Again I would personally not do either, I would use std::vector instead, why worry about this, when it could be as simple as: std::vector<int> a? As an interview question though, it was asked to test your core language understanding, and while it would be good to be able to answer how to allocate the array on the heap, it would show a bit more strength to be able to reflect upon the code, and recommend an alternative, and better, approach. Such as not using new/malloc.

Generally C++ returns values and parses parameters by value (when we are not using the by reference option). Which means that we return a copy of the value we return. This is how we are able to return simple integers, or doubles, or even std::string (we ignore the move constructors, and how they work for simplicity), because we make a copy of them, and return.

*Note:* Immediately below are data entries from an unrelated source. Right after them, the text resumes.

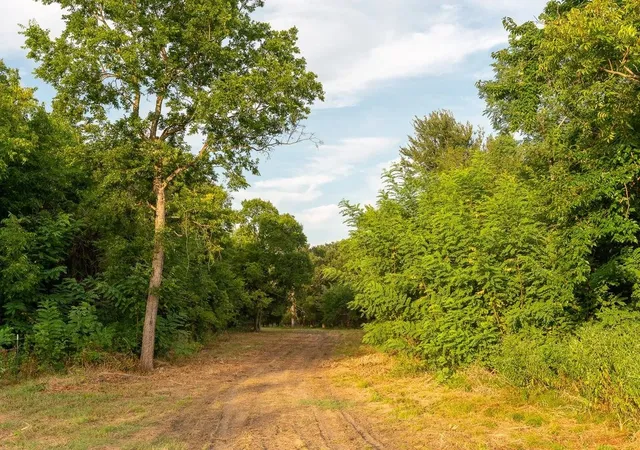 Photo 4 of Land for sale at Tbd County Road 3660 County Road 3660, Ladonia, TX 75449 | MLS# 20730513 | Listing updated on 2026-07-30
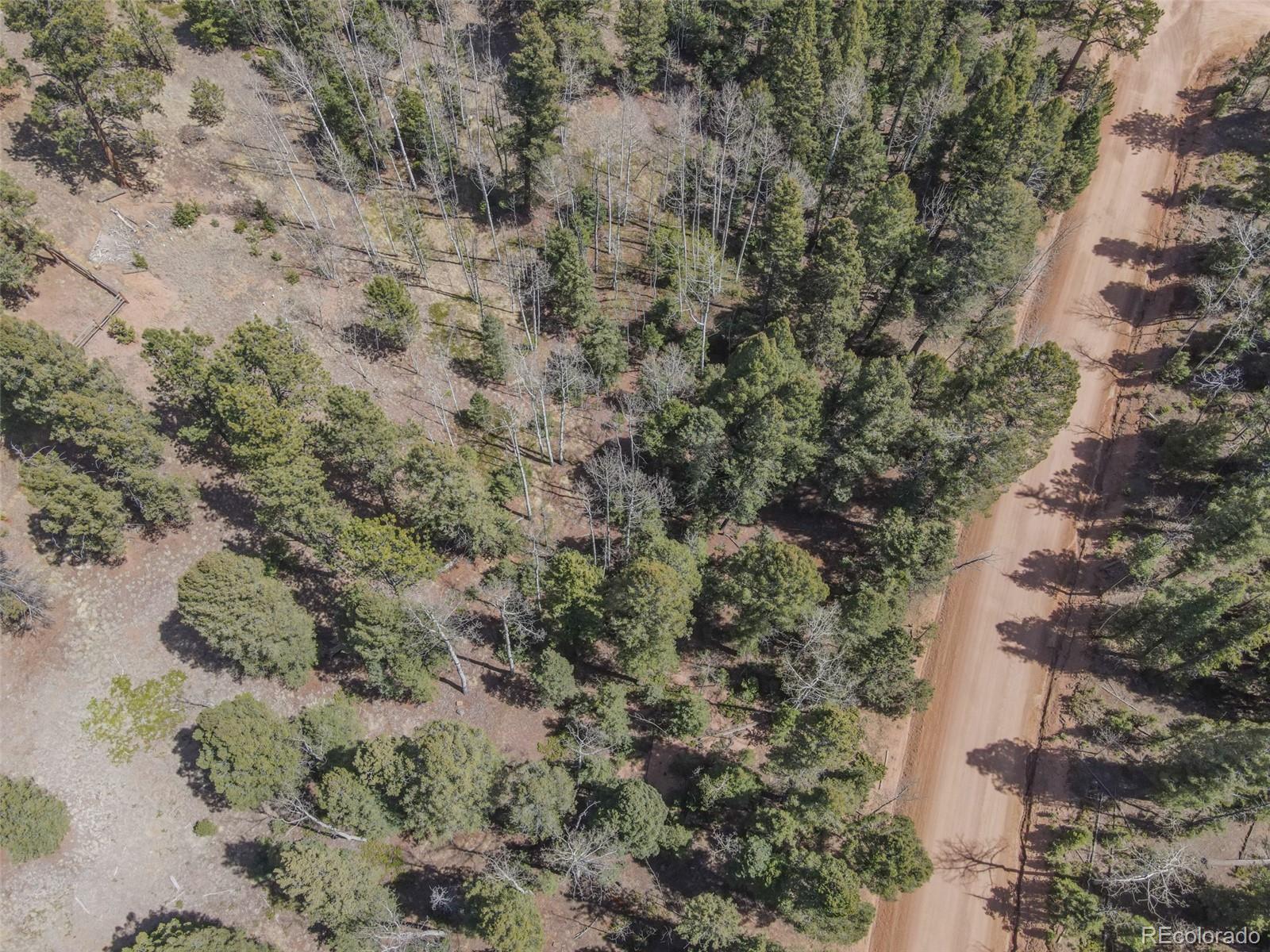 2763 N Mountain Estates Road Florissant CO 80816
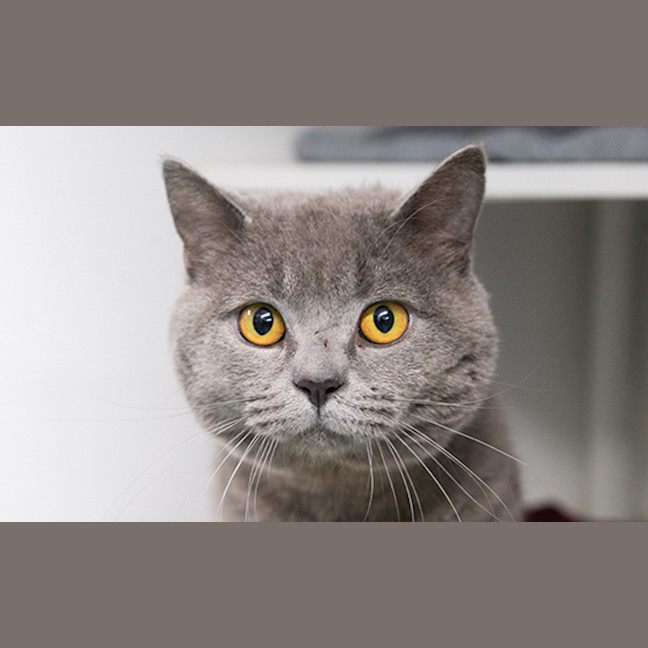 Photo of Maurice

Actually we also make a copy of the variable a and return that. So you may wonder, why it fails when we make a copy of a. But as we have already established, from the compiler warning, the value we are actually returning, is the address of a.

When we declare an array in C++ (or C), we are allocating an area in memory, that is large enough to hold the requested number of elements. The variable, will then be a pointer to the address of the first element. It is that address we are actually copying, and not the actual area that it points to. So the function will return a pointer to an area, that is no longer allocated. The local variable a, is no longer alive, but the contents of a is copied, and is returned by the function.

Java is higher level language than C++ and does allow you to manipulate memory in the same way. In Java everything that is not a primitive (int, double, ...) is kept on the heap. Java objects are freed when there are no longer any references to them.